L’invasione russa dell’Ucraina ha indotto la Germania a prendere decisioni storiche sul fronte della difesa. Oltre a nuovi investimenti per 100 miliardi di euro, Berlino si è detta pronta ad aumentare la spesa militare per portarla rapidamente al 2,0% del PIL, come richiesto dalla Nato (oggi è dell’1,49%).

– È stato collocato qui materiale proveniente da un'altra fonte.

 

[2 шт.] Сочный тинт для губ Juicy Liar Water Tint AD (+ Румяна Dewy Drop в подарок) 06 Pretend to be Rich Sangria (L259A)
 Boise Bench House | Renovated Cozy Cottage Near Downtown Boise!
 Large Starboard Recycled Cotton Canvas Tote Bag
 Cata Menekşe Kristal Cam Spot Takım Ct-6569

Un rapporto del Bundestag (Unterrichtung durch die Wehrbeauftragte – Jahresbericht 2021) rivelava che nel 2020 appena il 50% dell’equipaggiamento militare tedesco funziona correttamente. Più di una volta in passato la Luftwaffe ha dovuto ammettere che molti suoi aerei erano oggetto di manutenzione, e quindi inutilizzabili. Tra i primi acquisti annunciati dal governo federale, vi è quello di 35 caccia F-35. C’è di più. Sempre nell’aeronautica, vi erano nel 2020 appena 106 piloti di caccia sui 220 previsti. Inoltre, Berlino vuole mettere a punto una nuova dottrina militare che deve essere pronta nei primi mesi dell’anno prossimo.
Nel contempo, a sorpresa, il governo ha accettato che l’Unione europea usasse per la prima volta la European Peace Facility per finanziare l’invio di armi all’Ucraina per un totale di un miliardo di euro. Nei giorni scorsi, la Süddeutsche Zeitung ha rivelato che Berlino avrebbe rifornito il paese di armi per 300 milioni di euro. Non materiale appartenente alla Bundeswehr, com’era successo nei primi giorni del conflitto, ma acquistato direttamente sul mercato.

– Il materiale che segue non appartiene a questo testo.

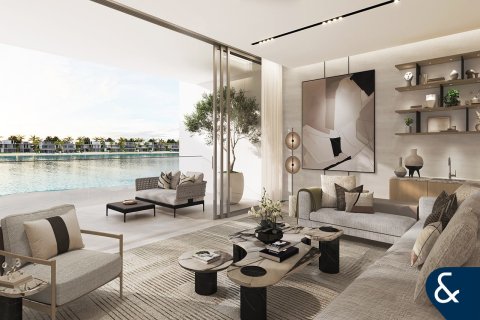 Купить виллу в Palm Jebel Ali, Дубай: 5 спален, 784м², № 91364 - фото 3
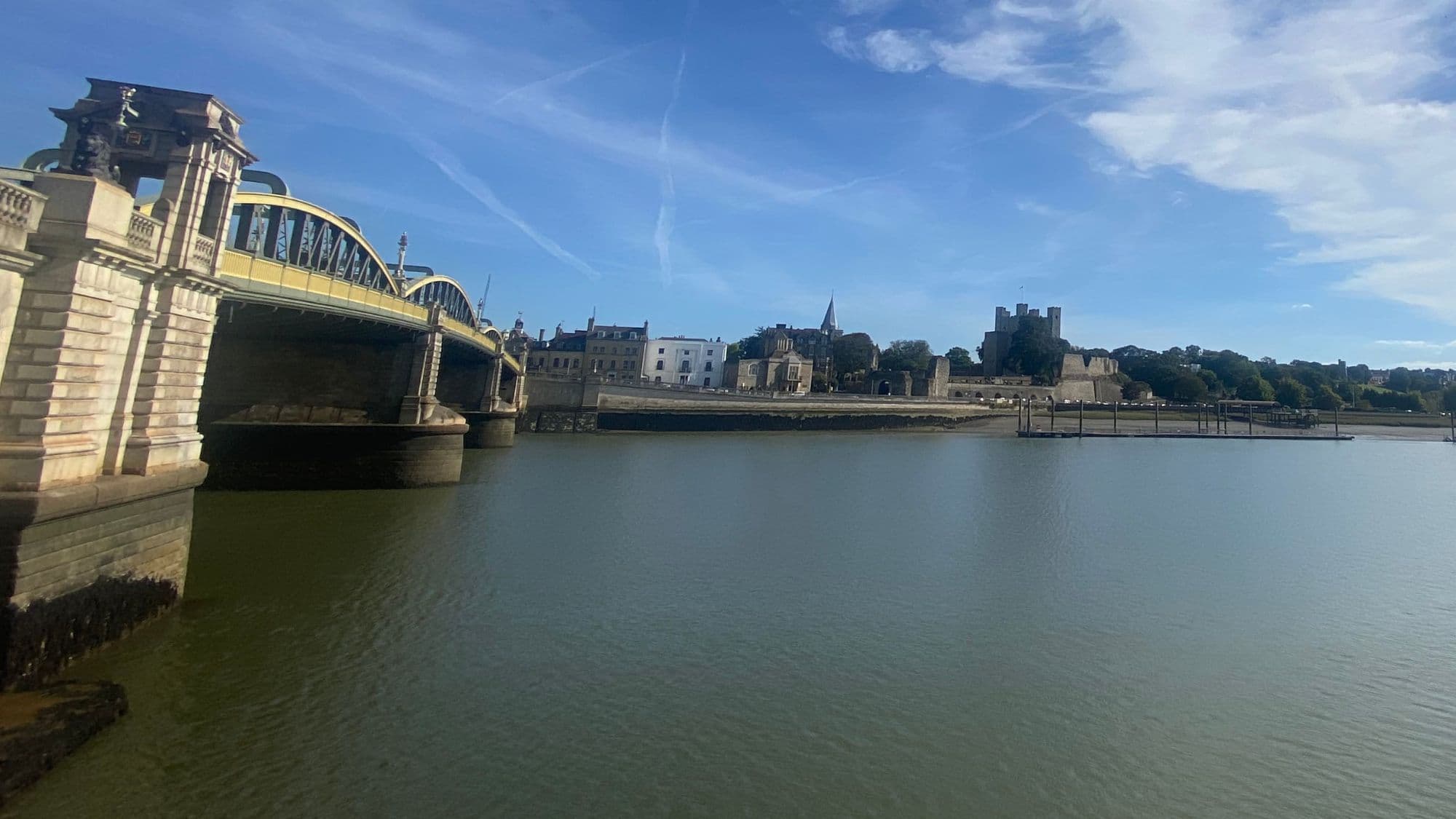 A Quiet Walk Through Rochester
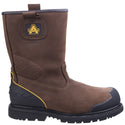 Amblers Safety FS223 Goodyear Welted Waterproof Pull on Industrial Safety Boot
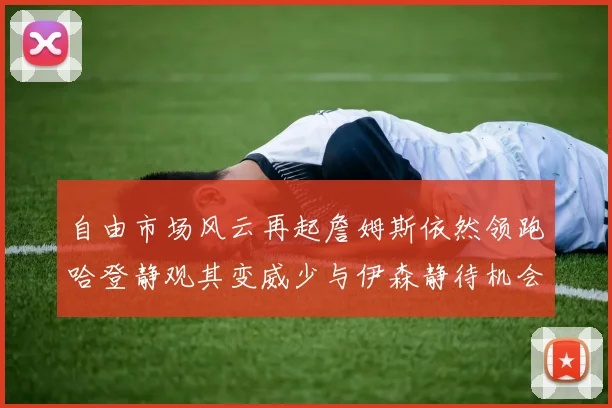 自由市场风云再起詹姆斯依然领跑哈登静观其变威少与伊森静待机会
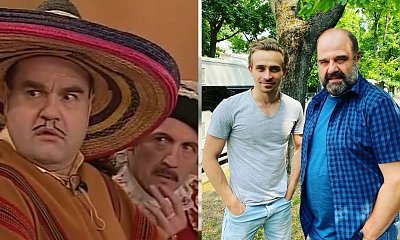 Cezary Żak zrzucił 30kg! Jak dzisiaj wygląda aktor z "Miodowych lat"?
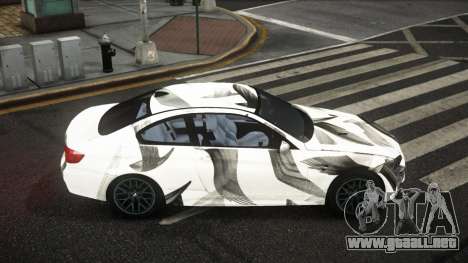 BMW M3 E92 Turick S12 para GTA 4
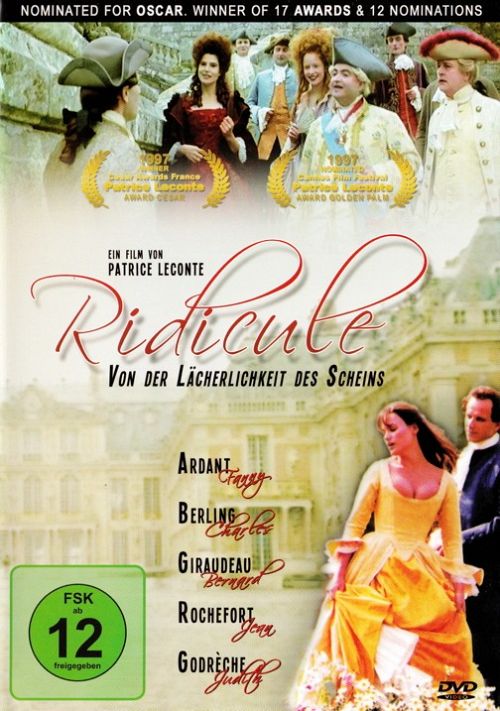 Ridicule  [DVD]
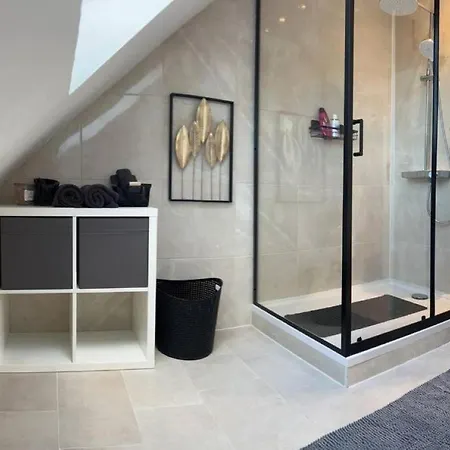 Maisonette 아파트 *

Per quasi 80 anni la Germania ha tenuto un basso profilo sul piano militare. Sulla scia della sconfitta e dell’Olocausto nazisti, l’establishment tedesco ha optato perché il paese fosse una grande Svizzera: lo sguardo rivolto al commercio, sotto l’ombrello difensivo della Nato. Wandel durch Handel (cambiamento attraverso il commercio) è stato il motto dei dirigenti tedeschi. La stessa Unione europea è nata e si è sviluppata a immagine della Repubblica Federale: mercato unico e potenza regolamentare. Nulla di più.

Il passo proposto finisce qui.